Fighting for Cultural Survival.


Everything Anywhere.

A steel blindfold covers the head of a human female figure, yet, unlike Lady Justice, her arms and legs too are bound. Fiber, in an interlocking braid, ties her wrists, wraps her neck and belly, and snakes down to hitch her legs at the ankles. Over her shoulder, however, her hands clutch the means to freedom from her bondage: a soft white blade digs beneath the rope around her neck. Salvation via ceramics.

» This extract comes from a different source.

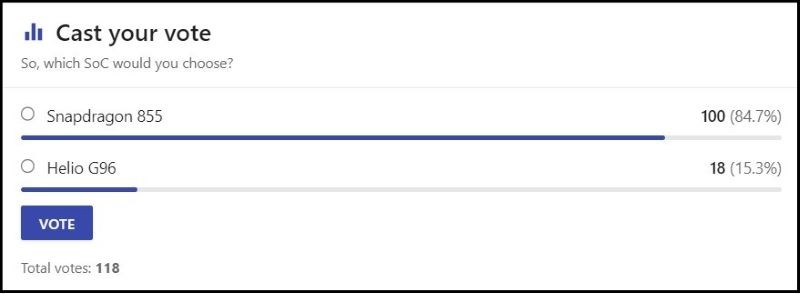 Sự lựa chọn của người d&ugrave;ng giữa Snapdragon 855 v&agrave; Helio G96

Artist Cannupa Hanska Luger was born on the Standing Rock Reservation. He is of Mandan, Hidatsa, Arikara, Lakota, Austrian, and Norwegian heritage. A graduate with honors from The Institute of American Indian Arts, in 2016 he was the recipient of the Native Arts and Cultures Foundation Artists Fellowship Award for artists who “represent the cultural continuity of Native peoples in contemporary contexts, and are the creative voices of their communities.” His work in sculpture is figurative yet imaginative, assembling a panoply of cultural symbols—feathers, bones, textiles—into signifiers all his own. More mythopoeic than surreal, it frames him as a medium, a psychic intermediary between colonizer and Native, ancient tradition and modern understanding, soft clay and hard ceramics.




The Creators Project has an interview with Cannupa Hanska Luger, you can see and read much more!


  1. rq says

    The video (Mni Wiconi) was powerful, with a serene gravity that was also urgent yet somehow not depressing.
    I haven’t looked through everything, but he’s got some neat stuff -- I liked “Once Upon a Time There Were Human Beings”.